There are several factors that underline the growing importance that logistics plays in the global economy:
- The friction of distribution. Distributing goods, parts, and raw materials have an economic cost, which usually accounts for 10 to 15% of the GDP. This share can reach 25% for developing economies and 6 to 8% for advanced economies. Transporting, holding inventories, and processing orders all involve a cost. Any improvement in logistics, such as lower costs, less time, or higher reliability, thus has direct commercial benefits.
- Growing materials demand. Social and economic factors have favored the growth of consumption and the associated material flows. Economic development involves a significant accumulation of infrastructure investments and related freight flows. Further, rising incomes, as well as differences in consumer preferences, involve a wide variety of consumption patterns the logistics aim to fulfill.

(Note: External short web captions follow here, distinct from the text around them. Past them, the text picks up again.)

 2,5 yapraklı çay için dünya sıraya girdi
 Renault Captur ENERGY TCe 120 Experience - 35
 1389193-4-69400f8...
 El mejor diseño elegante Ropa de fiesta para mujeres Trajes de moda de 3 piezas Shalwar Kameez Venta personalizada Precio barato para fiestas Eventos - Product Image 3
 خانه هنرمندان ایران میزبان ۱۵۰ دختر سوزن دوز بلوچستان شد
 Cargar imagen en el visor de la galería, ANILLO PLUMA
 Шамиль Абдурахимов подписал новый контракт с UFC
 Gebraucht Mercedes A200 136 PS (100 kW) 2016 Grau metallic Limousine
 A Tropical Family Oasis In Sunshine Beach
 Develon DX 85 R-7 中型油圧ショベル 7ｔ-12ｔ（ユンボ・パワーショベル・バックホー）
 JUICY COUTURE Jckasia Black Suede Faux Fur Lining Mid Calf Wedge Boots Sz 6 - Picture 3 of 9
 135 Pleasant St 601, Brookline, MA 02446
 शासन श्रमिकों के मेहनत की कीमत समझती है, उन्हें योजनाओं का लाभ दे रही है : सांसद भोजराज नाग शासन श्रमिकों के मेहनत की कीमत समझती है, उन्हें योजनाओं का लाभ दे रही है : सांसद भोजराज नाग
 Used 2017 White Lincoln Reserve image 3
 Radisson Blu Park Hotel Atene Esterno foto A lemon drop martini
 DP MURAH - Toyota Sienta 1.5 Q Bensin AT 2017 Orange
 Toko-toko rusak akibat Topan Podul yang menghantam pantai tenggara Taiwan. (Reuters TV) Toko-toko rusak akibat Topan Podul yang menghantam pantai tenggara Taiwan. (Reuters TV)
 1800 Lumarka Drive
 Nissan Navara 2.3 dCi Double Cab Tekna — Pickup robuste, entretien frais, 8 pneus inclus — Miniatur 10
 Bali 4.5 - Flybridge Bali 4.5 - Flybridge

- Complexity of value chains. Many consumption goods are getting more complex, a trend associated with the growing number of parts and the requirement to manage these inventories effectively. All the tasks involved in making goods available to the final consumer (research and development, fabrication, distribution, marketing) are increasingly embedded.
- Spatial division of production and consumption. The ability to use global comparative advantages has favored a spatial division of production with processes such as outsourcing and offshoring. Similarly, the global division of production requires more complex distribution capabilities to markets that can be distant. Crossing international jurisdictions involves additional managerial and operational complexity. Many retailers have regional or national distribution strategies requiring the management of vast inventories.
- Sustainability. Environmental concerns permeate freight distribution with incentives for better energy and material efficiency. The issue of recycling, often labeled as reverse logistics, is also gaining importance.